If the ground has been walked on, or is part of a garden that has not been disturbed for many years, it will need to be dug over. This will improve drainage, get some air in and breakdown the soil so that seeds can be planted. The way to do this is to use the standard method common to all gardening – double digging. This does not mean cultivating the area twice! It is hard work but with such a small plot it should be within the capabilities of most gardeners. If you have a health problem consult your doctor before starting or get a friend/neighbour to help.
How to double dig
Digging is best done in the autumn as it gives time for the soil to be broken down by frost. If you dig at other times and your soil is not fine enough for seed sowing you can add a layer of home made compost, or commercial peat free compost, over the surface to make a good seed bed. Heavy rain compacts soil so if you do dig in the autumn cover the bed to keep the rain off.

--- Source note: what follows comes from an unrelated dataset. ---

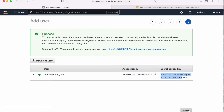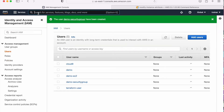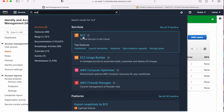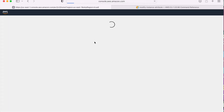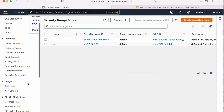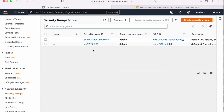Now today we are going to learn the security groups commands. Let me go to the security group. The security group option I will get in EC2 or also in VPC. Now here we have the option for the security group and currently it is showing me two security groups.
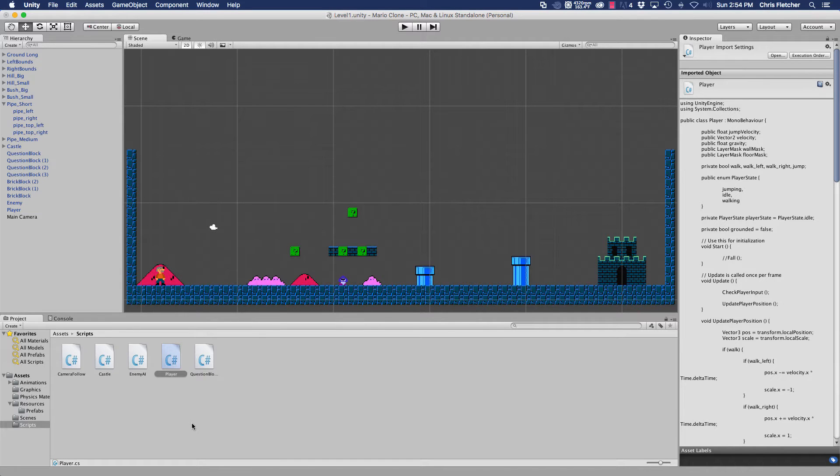Hey everyone, it's Chris, and I would like to welcome you guys back to another part of our Mario clone tutorial series.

Pleas note: the following pictures show the double digging technique in a much bigger bed. The same rules apply for a 4ft (1.2m) square bed.
Improving the soil
Add around 30 litres of garden compost when you dig the new bed. If you do not have home made or garden compost then use some bagged soil improver from a garden centre or local DIY store. Fork in the compost/soil improver into the top 4-6 inches (10-15cms), do not bury it.
Edging the bed
When you have finished digging you can edge the bed with timber or other suitable material. Avoid using pressure treated timber as the preservative used may contain chemicals which could leach into the soil. The board should be 4”- 6” deep but you can use a higher surround if required. Some people have used upturned bricks, roofing tiles and concrete blocks. It does not have to be timber!